In this exercise, return only the lines that run from the line with "Police vehicles parked" to the end of the entries below, both included. Pictures are not copied.

----- Input for this task -----

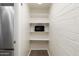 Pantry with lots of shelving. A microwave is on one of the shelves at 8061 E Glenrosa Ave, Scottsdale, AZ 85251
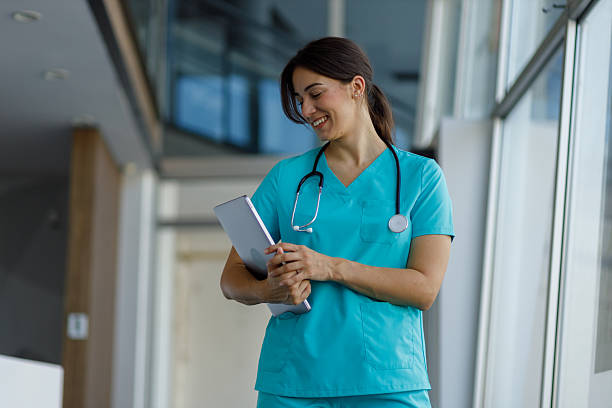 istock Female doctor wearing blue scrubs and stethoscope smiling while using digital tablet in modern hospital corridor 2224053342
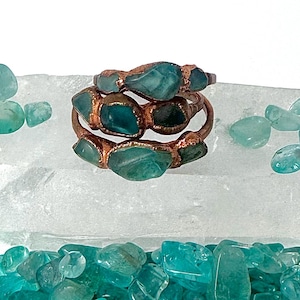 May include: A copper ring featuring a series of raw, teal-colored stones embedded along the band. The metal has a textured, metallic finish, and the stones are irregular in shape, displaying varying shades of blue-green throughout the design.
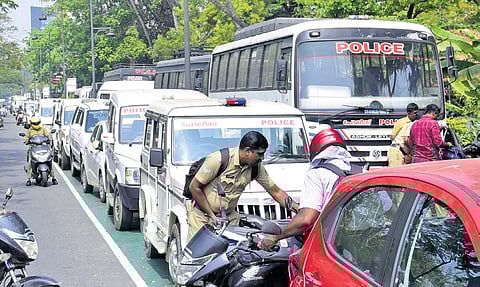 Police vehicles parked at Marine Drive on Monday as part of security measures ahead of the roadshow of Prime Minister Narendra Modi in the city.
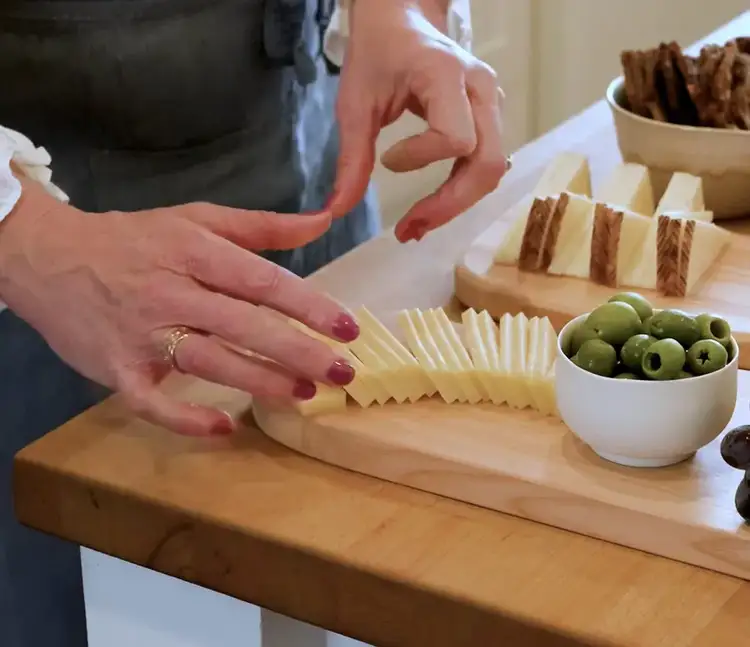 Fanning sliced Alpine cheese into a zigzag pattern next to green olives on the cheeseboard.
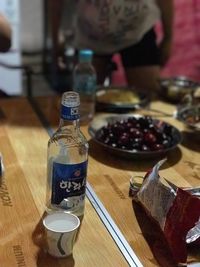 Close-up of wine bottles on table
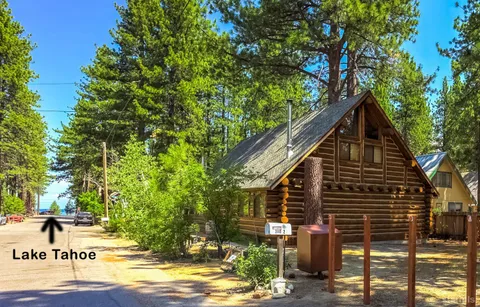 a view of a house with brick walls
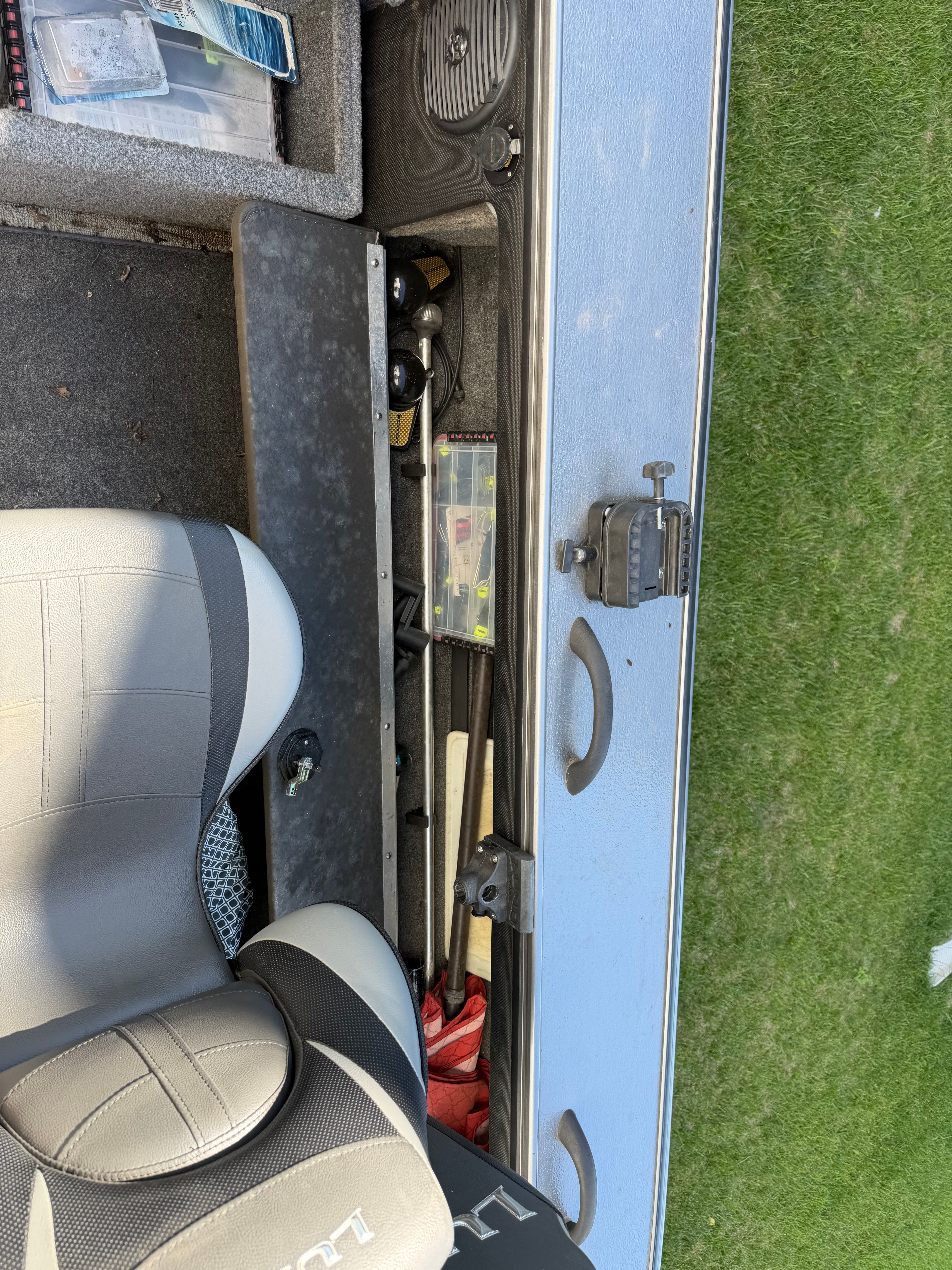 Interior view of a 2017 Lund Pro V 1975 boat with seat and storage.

-----

#### Result for this exercise
 Police vehicles parked at Marine Drive on Monday as part of security measures ahead of the roadshow of Prime Minister Narendra Modi in the city.
 Fanning sliced Alpine cheese into a zigzag pattern next to green olives on the cheeseboard.
 Close-up of wine bottles on table
 a view of a house with brick walls
 Interior view of a 2017 Lund Pro V 1975 boat with seat and storage.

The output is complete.